A shift from progress to planning

An acquisition is a defining moment in a startup’s lifecycle. From then on, all elements of running the business - but particularly revenue-generating activities - will be different.

Pre-acquisition: Growing a startup toward an possible acquisition is all about results, progress, and iteration. Goals are set as north stars to guide your actions, but there’s leeway to make (some) mistakes and learn along the way.

Post-acquisition: Once the startup is owned by another organization - especially a PE firm or similar kind of strategic investor - marketing has to focus more on the planning and resources necessary to hit ambitious revenue goals. Unlike in pre-acquisition land, marketing goals are expected to be hit.

In particular, Shiv noted a few transformations that happen:

“Acquirers are buying SaaS companies at outrageous multiples because of revenue predictability,” said Shiv. “That means there’s a lot of money on the line, so marketers need a different approach to financial metrics and a different approach for handling board-level planning meetings.”

How CMOs can get ready for post-acquisition marketing

After the mindset change, Shiv said there’s a process change as well. Here’s what startup marketing leaders need to know.

Step 1: Setting goals and growth projections

On the surface, this seems similar to pre-acquisition. What’s different is the goals are not based just on ambition or possibility, but on the return generated on investment to date and expected overall market growth. It’s a more analytical approach that investors use to explain why the projections make sense and are attainable.

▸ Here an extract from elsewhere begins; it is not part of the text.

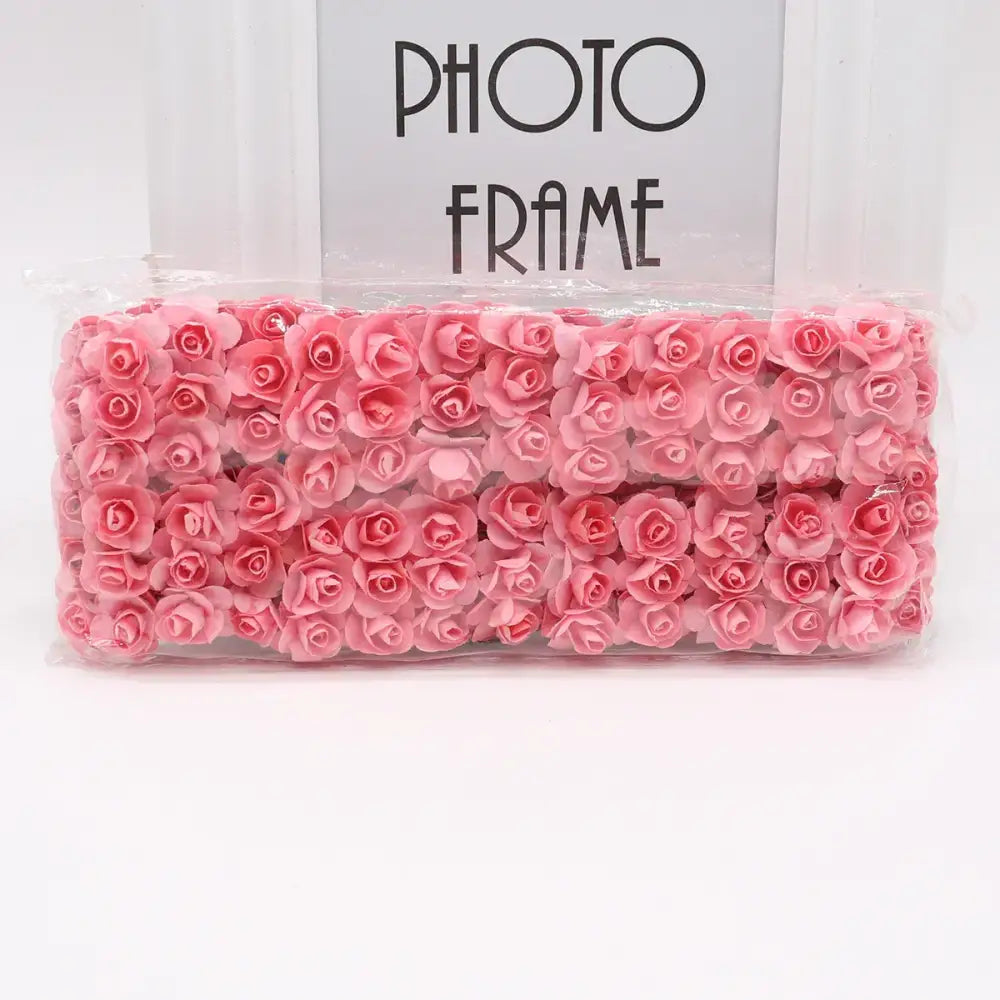 A bundle of delicate pink 144pcs 2cm artificial paper roses neatly arranged for wedding decor or bedroom use by decorbites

Projections also happen at the company-wide level, meaning sales and marketing both need to contribute to revenue. For example, the whole company may have a revenue goal of $10 million. Marketing could easily be responsible for around half of that, or $5 million revenue.

From there, the CMO must identify which programs are necessary to get there, for example content marketing, performance ad campaigns, or similar.

Step 2: Identify necessary resources

Because a CMO is expected to hit projected revenues, the next step is figuring out what you’ll need to support your programs in terms of people, technology, and other resources.

Unlike pre-acquisition marketing teams that have to rely on hustle and creativity to fill resource gaps, CMOs at the post-acquisition stage are expected to justify the workforce and resource planning to explain how each person and piece supports the company to hit its goals.

Step 3: Build a business case to fill any resource gaps

Once you know what you need, you’ll need to build a business case to get any additional resources not already allocated.

For example, if you’re responsible for $5 million in revenue from marketing and currently have a $700,000 budget, you first need to assess if the budget will get you to your goals.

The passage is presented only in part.